Working Paper
The state and the ‘legalization’ of illicit financial flows
Trading gold in Bolivia
Most research on illicit financial flows (IFFs) has focused on illicit outflows from developing countries and the role of non-state actors in generating IFFs. Less attention has been paid to processes and interfaces through which IFFs enter formal value chains—in effect being ‘legalized’ before leaving the country—or the crucial role of state institutions as gatekeepers.
We develop a novel explanatory approach to account for the enabling role of state institutions in the ‘legalization’ of IFFs. Building on political settlement theory, we explain the performance of institutions in the regulation of IFFs as a function of political settlements.

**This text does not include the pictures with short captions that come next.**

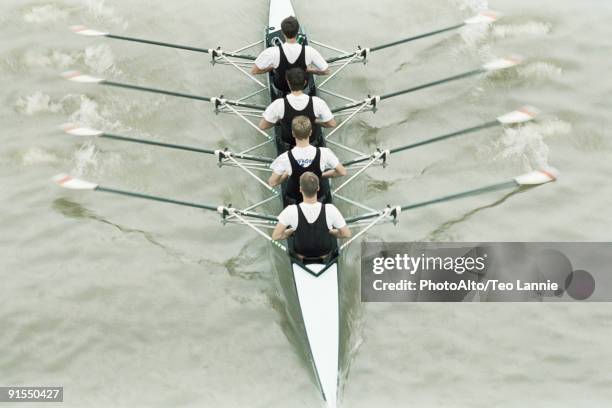 Top Down Rowing Scull 80 Rowing Team Top View Stock Photos, High-Res Pictures, and Images ...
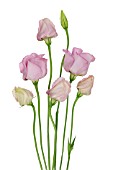 EUSTOMA, LISIANTHUS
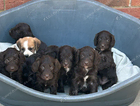Beautiful cockapoo puppies &pound;950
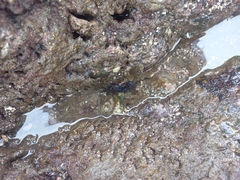 Pachygrapsus socius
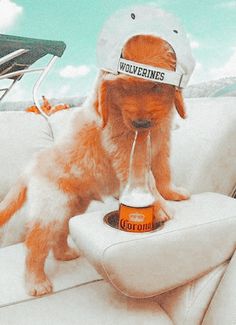 a dog sitting on the back of a boat with a beer bottle in it's mouth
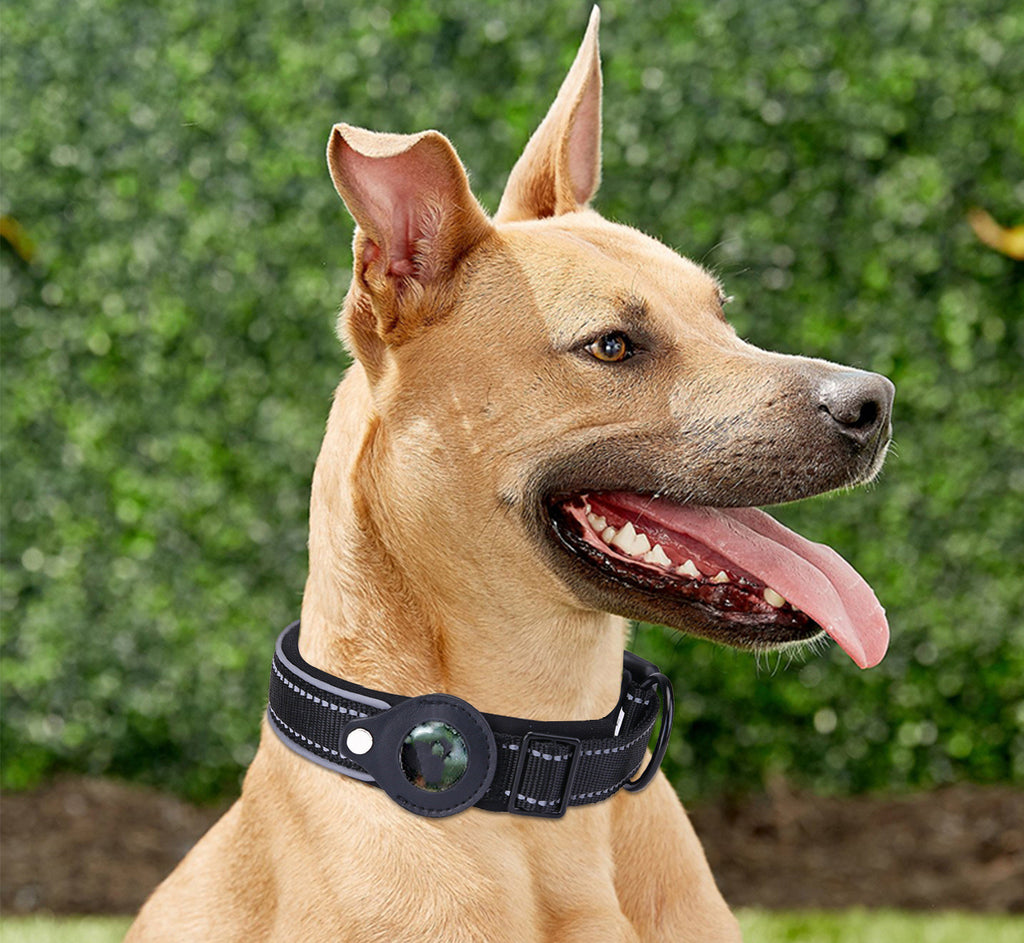 Collier Ajustable en Nylon pour Chien – vue 1
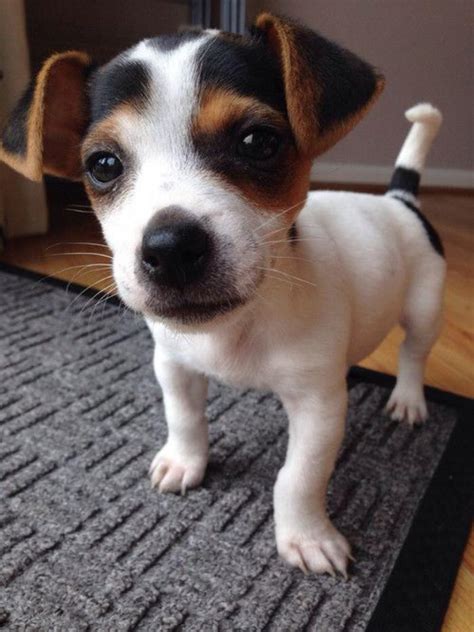 Their name derived from the reverend john russell, a hunting enthusiast, who was the first person to breed them for fox hunting. Le jack russell terrier - un chien adorable que vous allez ...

Taking the case of the Bolivian gold-trading sector, we examine how the process of ‘legalizing’ illicit value flows works in practice and analyse the motives and underlying conditions that lead state institutions to permit the formal export of gold shipments that have been illicitly sourced or transferred.

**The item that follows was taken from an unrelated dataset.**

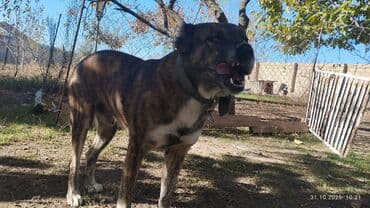 it ucun zəncir: İt – böyük cüssəli, qısa tüklü, tünd-qəhvəyi/brindle rəngdə. Aşağıdakı — 1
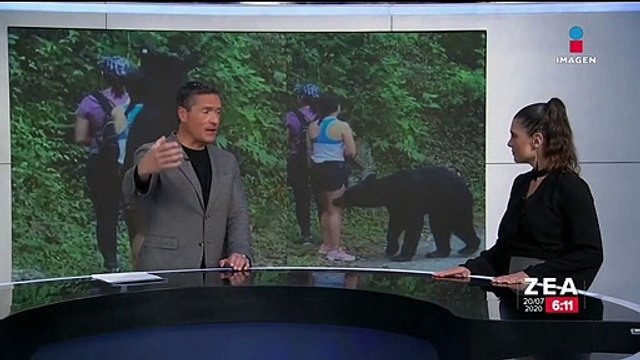 Oso sorprende a deportistas ¡y se toman selfie!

Evidence from Bolivia indicates that the ‘legalization’ of illicit flows cannot be sufficiently explained by reference to corruption, illicit rent-seeking, or a general lack of administrative capacity. Rather, the process accommodates the interests of the cooperatives dominating the gold-mining sector, which are critical to maintaining the political settlement on which the incumbent government’s power is based.
By maintaining a status quo of non-enforcement, legal ambiguity, and pervasive informality, gold-mining cooperatives are permitted to reap higher benefits from resource extraction at the expense of domestic revenue mobilization.